La même source nous a informé d’un problème de transfert qui s’était posé, toujours dans la même zone 3. Un monsieur originaire de la Kozah qui aurait précédemment voté à Lomé, voulait procéder à un transfert pour pouvoir voter pour la présidentielle dans la Kozah. Ils avaient essayé de lui expliquer qu’en principe, c’est à partir de Lomé que ce transfert pourrait se faire et non à Kara. Après avoir contacté le Président de la CELI de Kara, cela lui aurait été rendu possible. En principe il devait, dès lors, se voir retirer l’ancienne carte une fois que le transfert a été accordé. Il a été autorisé à conserver les deux. Cela lui donnera la possibilité de voter deux fois tout naturellement, s’il le désire.
Notre relation nous a confirmé par ailleurs les sérieux problèmes auxquels ils ont été confrontés dans l’utilisation des kits. Il avait fallu pour une seule personne à inscrire, jusqu’à trois séances avant que la dernière ne fût la bonne. Au lieu de fermer les bureaux à 16 heures, il avait fallu prolonger jusqu’à 18 heures.

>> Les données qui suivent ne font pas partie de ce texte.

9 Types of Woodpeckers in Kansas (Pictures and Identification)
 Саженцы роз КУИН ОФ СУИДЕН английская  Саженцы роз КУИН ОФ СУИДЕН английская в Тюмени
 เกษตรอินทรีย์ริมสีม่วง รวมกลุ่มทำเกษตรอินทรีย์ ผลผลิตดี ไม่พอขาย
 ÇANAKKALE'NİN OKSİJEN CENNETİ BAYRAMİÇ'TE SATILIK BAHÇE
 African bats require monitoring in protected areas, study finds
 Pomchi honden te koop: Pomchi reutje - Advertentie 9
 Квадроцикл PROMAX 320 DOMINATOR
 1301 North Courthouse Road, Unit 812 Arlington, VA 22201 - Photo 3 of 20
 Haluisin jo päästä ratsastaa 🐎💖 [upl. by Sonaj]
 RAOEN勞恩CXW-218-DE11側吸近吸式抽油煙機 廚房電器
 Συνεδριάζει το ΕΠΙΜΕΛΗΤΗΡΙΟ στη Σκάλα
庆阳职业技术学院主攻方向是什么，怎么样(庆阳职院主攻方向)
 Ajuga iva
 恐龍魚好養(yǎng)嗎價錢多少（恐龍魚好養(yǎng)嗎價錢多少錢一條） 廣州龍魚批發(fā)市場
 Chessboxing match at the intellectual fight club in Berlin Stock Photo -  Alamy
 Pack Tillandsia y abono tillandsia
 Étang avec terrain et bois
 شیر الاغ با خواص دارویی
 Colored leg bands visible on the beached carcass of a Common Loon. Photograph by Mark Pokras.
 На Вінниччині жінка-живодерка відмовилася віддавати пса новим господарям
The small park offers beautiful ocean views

Ç’aurait été dans les zones 1 et 2, on n’aurait même pas tenu compte du dysfonctionnement au niveau des kits et autoriser les prolongations.
Voilà des éléments de preuve qui démontrent le désordre et la pagaille dans lesquels la révision des listes électorales a été organisée dans le nord. Les kits commandés dans la précipitation par le Gouvernement, au lieu que ce soit par les soins de la CENI habilitée à passer cette commande, voilà les problèmes qu’ils ont posés et que les membres de la CENI (UFC) dans leur correspondance ont relevés et que le sieur Taffa Tabiou lui-même, dans l’impossibilité de nier, à un moment donné, a reconnus.
En principe, cette révision devrait être reprise pour avoir un fichier fiable, si le Pouvoir n’a pas peur d’être mis à nu dans cette tricherie organisée en amont. Aujourd’hui, rendez-vous des partis politiques de l’Opposition, du Gouvernement et du RPT avec le Facilitateur Blaise Compaoré. Les Togolais devront attendre pour voir, si l’Opposition réussira avec preuves à l’appui, à obtenir tout au moins, à défaut du scrutin à deux tours, la prolongation de la date fixée préalablement au 28 février.